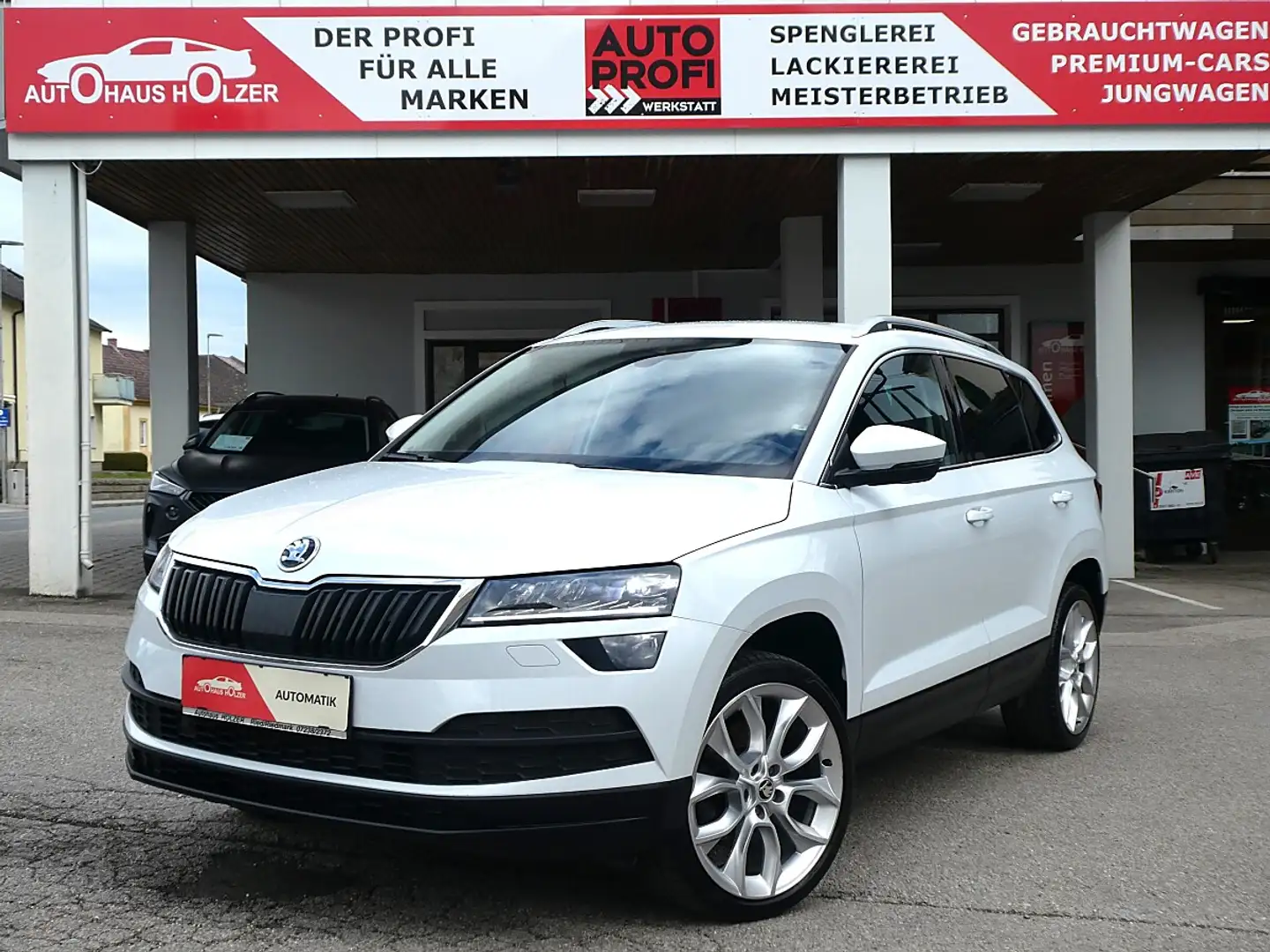 Skoda Karoq 1,5 TSI Style 125 DSG *AHK, KESSY, Rü.Kam* Weiß - 1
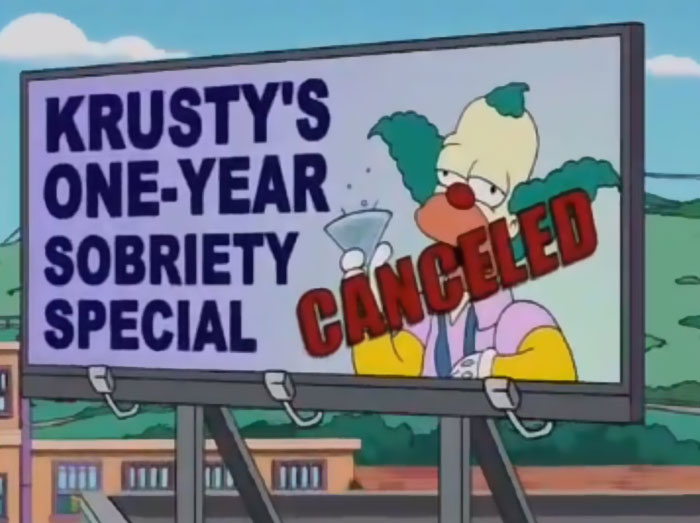 Billboard in The Simpsons showing Krusty clown with a martini glass and canceled sobriety sign joke for witty signs.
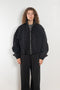 The Nylon Jacket by Acne Studios is crafted in a technical nylon with a peach finish. Constructed with a high neckline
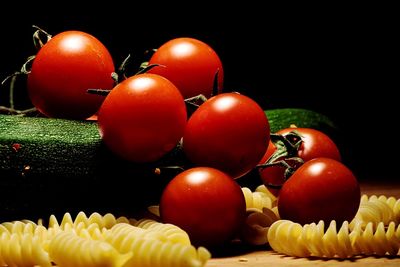 Close-up of raw pasta with vegetables on table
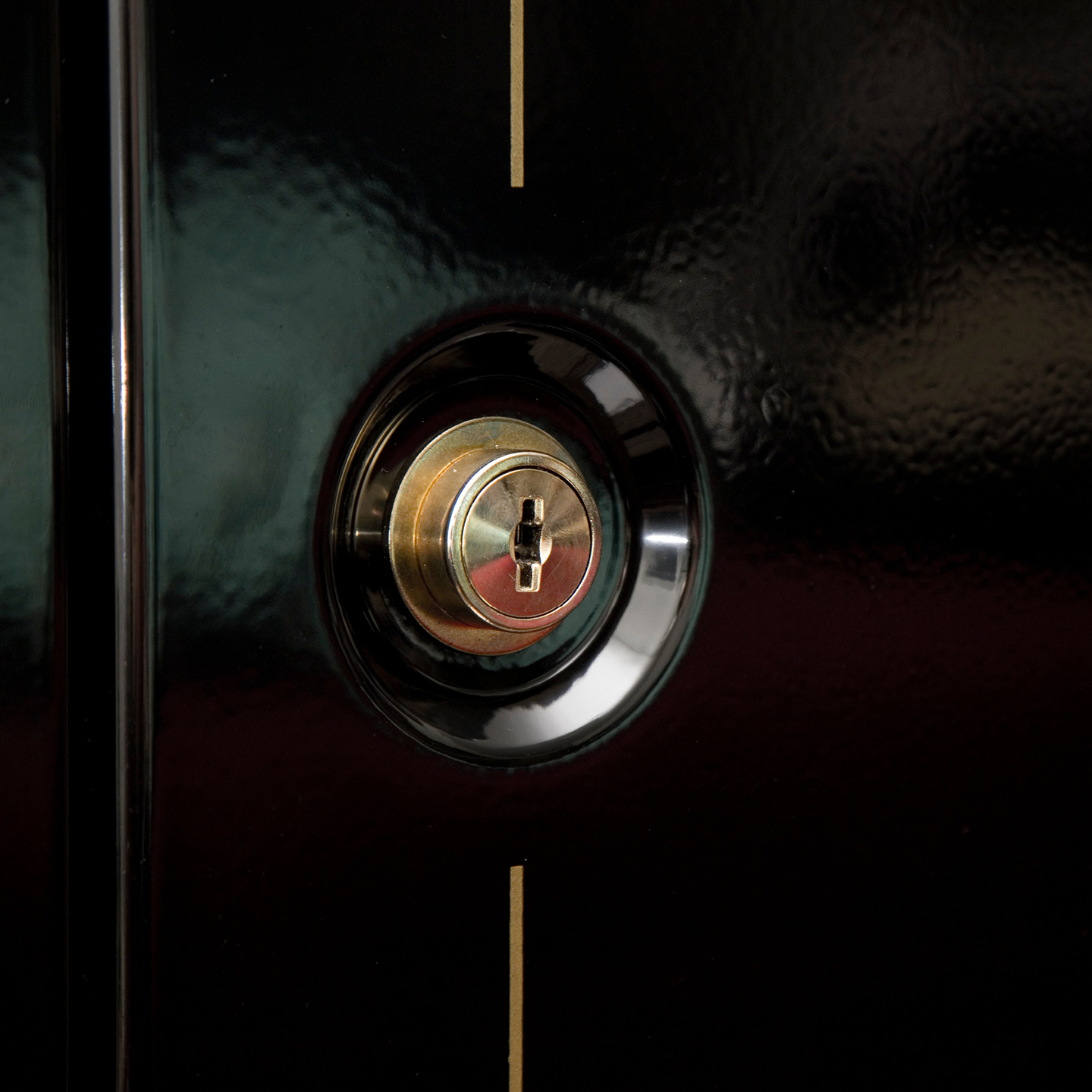 Close-up of a brass keyhole on a polished black surface, featuring a vertical gold line above it.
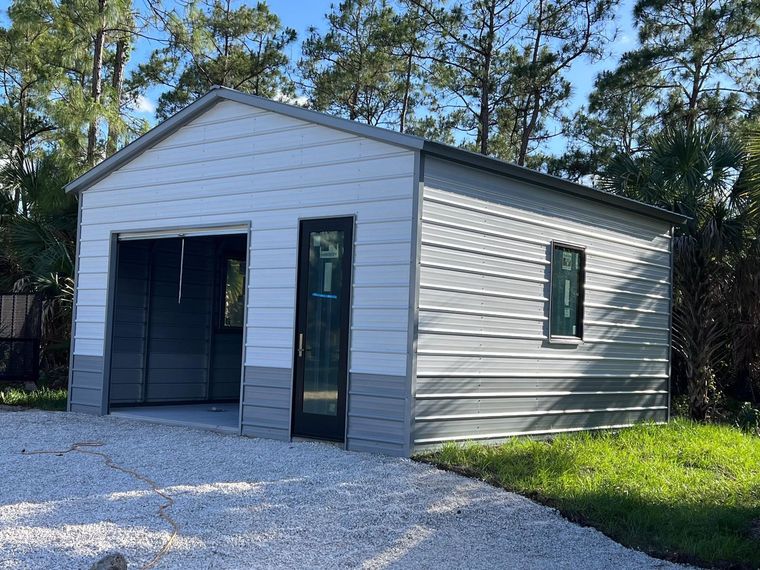 Small gray shed with open garage-style door, side door, and green window trim on a gravel driveway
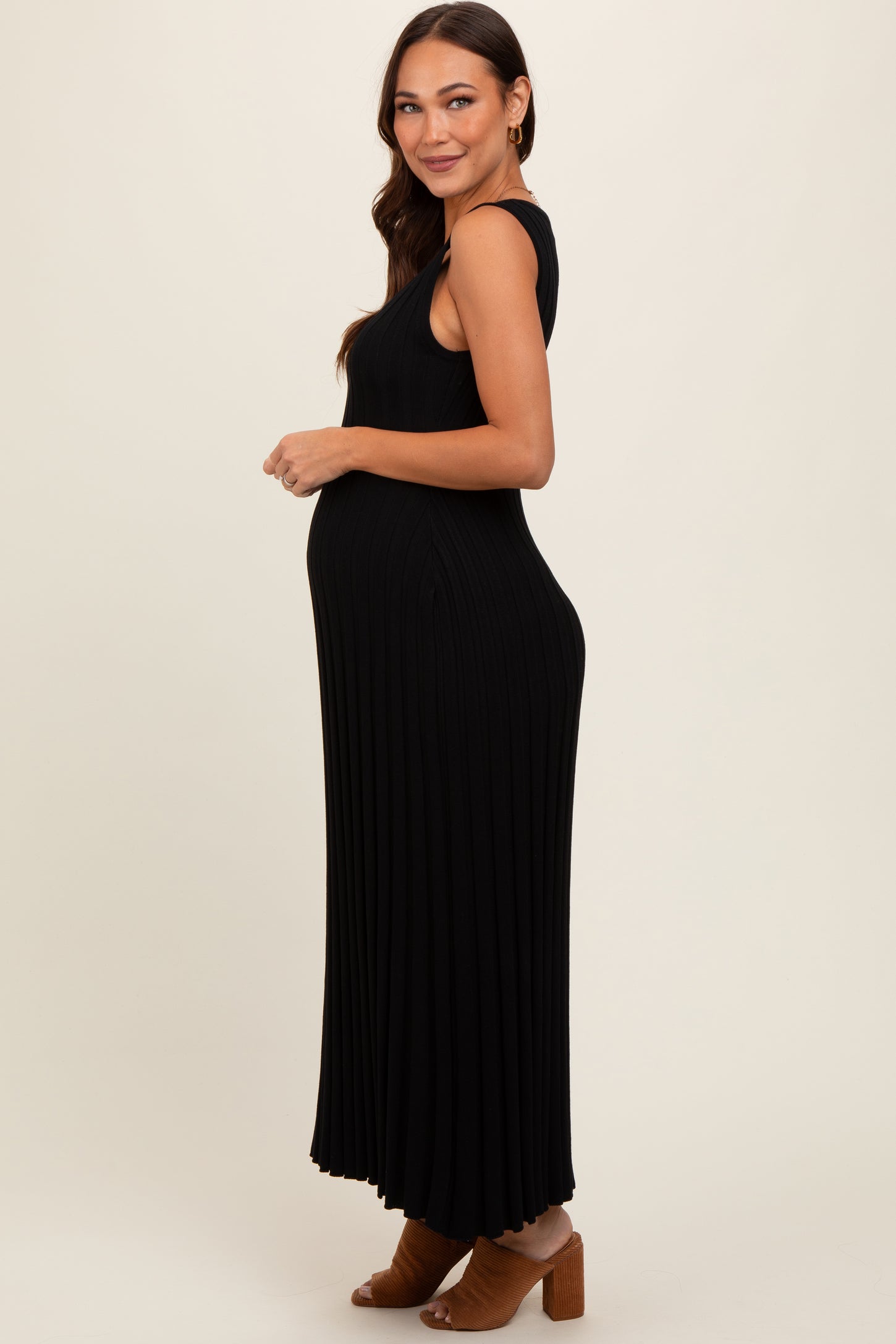 woman wearing a black ribbed maternity maxi dress, showing her baby bump and smiling to the side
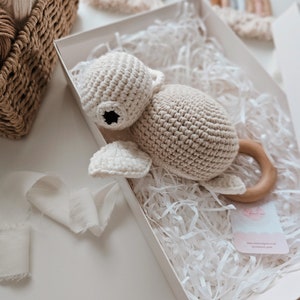 Könnte beinhalten: Ein gehäkeltes beigefarbenes Schildkrötenspielzeug mit einem Holzring. Das Spielzeug befindet sich in einer weißen Geschenkbox mit weißem Seidenpapier.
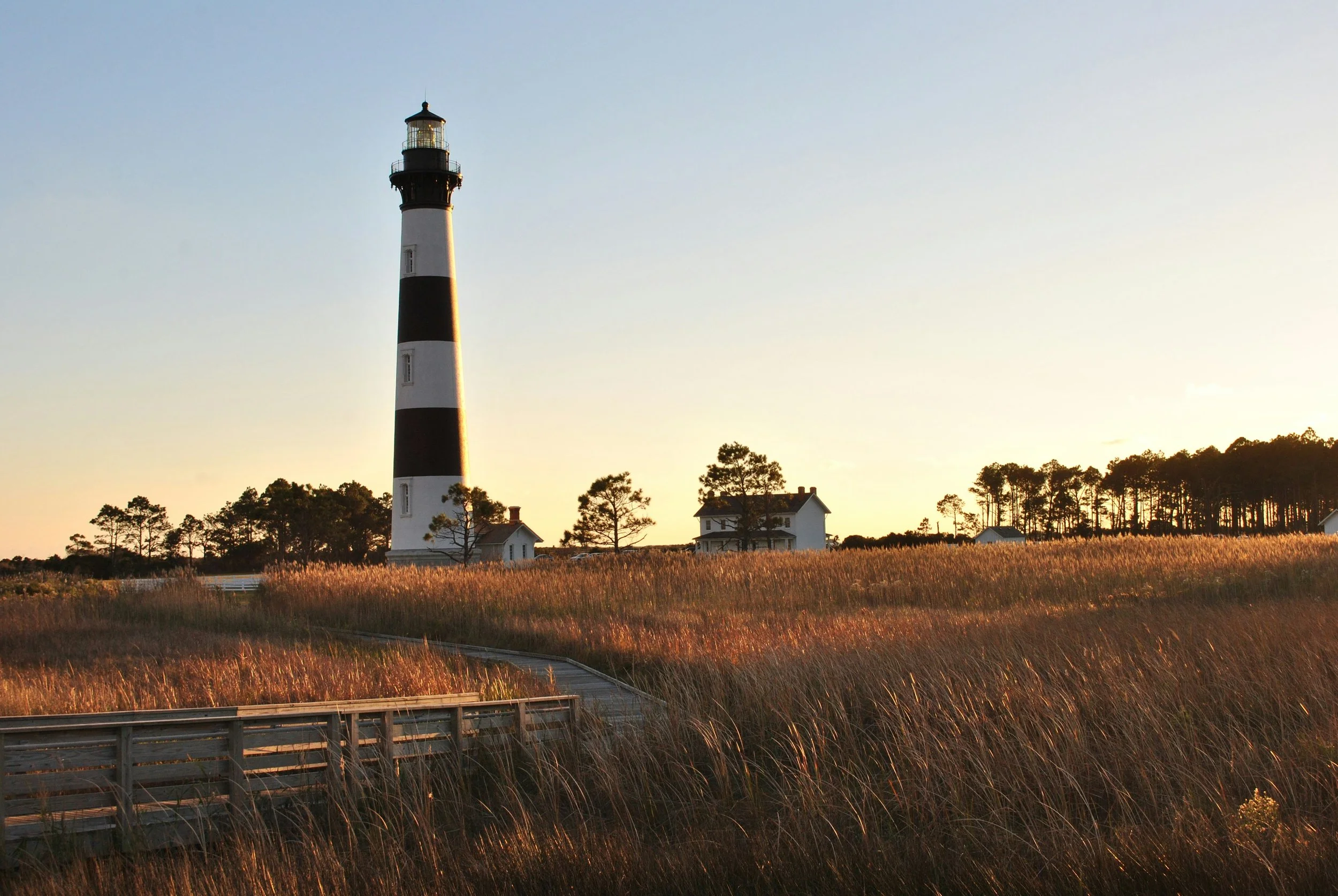 A lighthouse with black and white horizontal stripes stands among trees and houses in a grassy field during sunset.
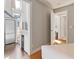 The home's kitchen area leads to the stairs and other areas in this light and airy property at 2 Francis St # I, Charleston, SC 29403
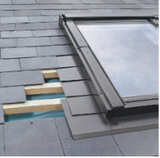 Skylight installation on a slate roof. Partially removed tiles reveal wooden beams and underlayment.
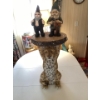 Image 4 :  Leopard, cat table, and garden gnomes.
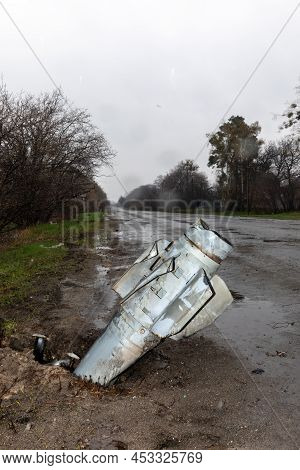 Hostomil Reg, Ukraine - Apr. 22, 2022: An Unexploded Rocket Of The Russian Occupying Troops Sticks O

════════════════════

TASK INSTRUCTIONS. Only the lines from the line that contains "Billboard in The" through the end of the entries are to be written out, exactly and without pictures, both ends included.

TASK SOLUTION.
 Billboard in The Simpsons showing Krusty clown with a martini glass and canceled sobriety sign joke for witty signs.
 The Nylon Jacket by Acne Studios is crafted in a technical nylon with a peach finish. Constructed with a high neckline
 Close-up of raw pasta with vegetables on table
 Close-up of a brass keyhole on a polished black surface, featuring a vertical gold line above it.
 Small gray shed with open garage-style door, side door, and green window trim on a gravel driveway
 woman wearing a black ribbed maternity maxi dress, showing her baby bump and smiling to the side
 Könnte beinhalten: Ein gehäkeltes beigefarbenes Schildkrötenspielzeug mit einem Holzring. Das Spielzeug befindet sich in einer weißen Geschenkbox mit weißem Seidenpapier.
 A lighthouse with black and white horizontal stripes stands among trees and houses in a grassy field during sunset.
 The home's kitchen area leads to the stairs and other areas in this light and airy property at 2 Francis St # I, Charleston, SC 29403
 Skylight installation on a slate roof. Partially removed tiles reveal wooden beams and underlayment.
 Image 4 :  Leopard, cat table, and garden gnomes.
 Hostomil Reg, Ukraine - Apr. 22, 2022: An Unexploded Rocket Of The Russian Occupying Troops Sticks O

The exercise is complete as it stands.